Innovation should start from the customer (case in point)

By Paolo Barbesino, PhD

Innovation should start from the customer (case in point)

We owe it to Marvin Bower (former longtime Managing Director of McKinsey & Co.).  Things seemed to change in management consulting (McKinsey in particular) after his leadership.  Strategic consultancies stopped hiring seasoned executives with long-lasting careers in different industries, and started sourcing talents among the best graduates from STEM universities and MBAs.

In the early Nineties, these bright talents played a significant role in advising the first mobile network operators in establishing their GMS franchise. GSM services were targeting mobile busy people who primarily needed to talk on the phone while being on the move. Unsurprisingly, consultants and their clients ranked among the top target clients for MNOs. Ordinary people that could be reached on a wireline either at home or at work had no need for a mobile. Nor could afford one.

If the affluent was supposed to have a mobile phone, and the average residential consumer a wireline at home, some European telcos caressed the idea of launching a service that combined a residential line with a mid-range mobile device leveraging Digital Enhanced Cordless Telecommunications (DECT), a standard primarily used for creating cordless telephone systems.

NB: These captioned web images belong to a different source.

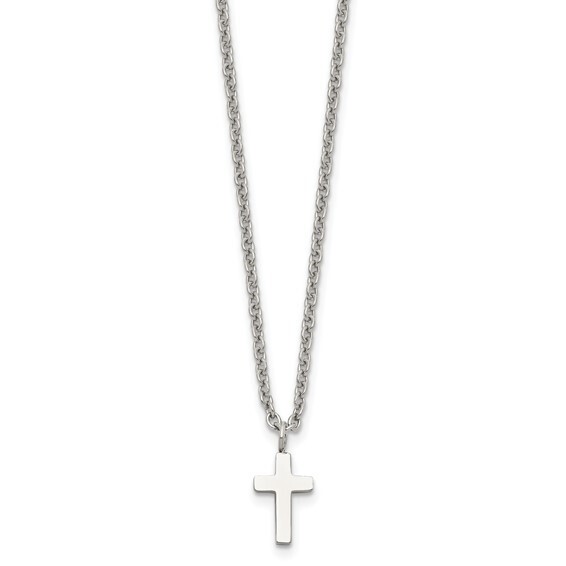 Stainless Steel Polished Cross Necklace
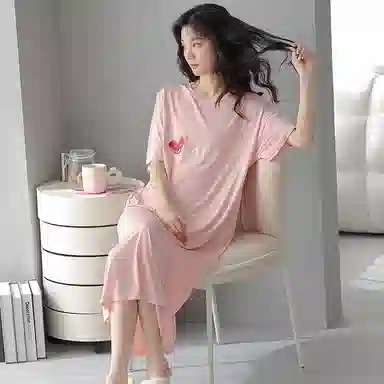莫代尔 圆领简约舒适短袖睡裙 女款 粉红色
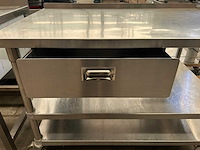 Rvs serveerwagen / horeca trolley met lade - afbeelding 2 van  4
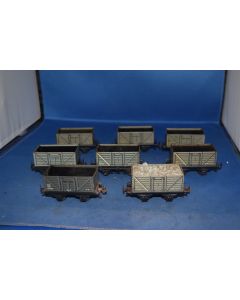 Trix 1/603, 4/603 638, 634, 609, 638 7 Plank Wagons Grey [8] (No Boxes , Good Condition)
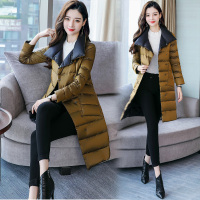 【COMEACROSS】个性90绒长袖中长款纯色立领拉链时尚羽绒服2019年秋冬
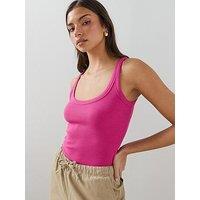 The Very Collection Scoop Neck Rib Vest - Pink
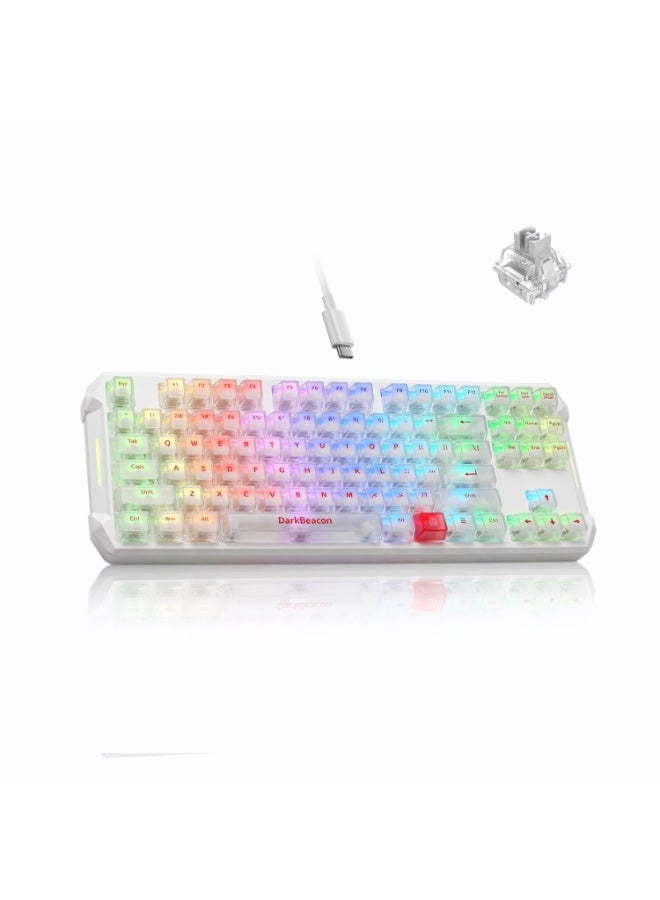 DarkBeacon Flux 87 HE Magnetic Switch Hot Swappable Mechanical Gaming Keyboard, Adjustable Actuation Rapid Trigger Mode, USB-C Wired RGB TKL White Keyboard - Image 1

DECT never turned into a commercial success as prepaid mobile plans democratised access to mobile telephony in many parts of the world where consumers can now get unlimited calls and data for less than 20 euros a month.

While many households have no more a wireline, their need to bridge local communication and mobile emerged as a new need in the digital world. Be it for receiving an Amazon delivery or opening the main building entrance to guests renting their property on Airbnb, the need to control an intercom with a mobile is indeed on the surge.

No surprise then that Ring, an Amazon company started to massively market an intercom box to provide verified building access directly from the Ring app. The device that is compatible with most of the existing intercom system lets users buzz themselves into the building using the Ring app on their own smartphone, or provide Amazon Deliveries with automated, time-bound building access when they have a parcel specifically for the building.

Unlike for the brilliant STEM graduates or MBAs, this is a clear example of an innovation that starts from the customer and work backwards, moving from a clear consumer need and removing all impediments to make that innovation possible.

A nice case study for my next MBA elective.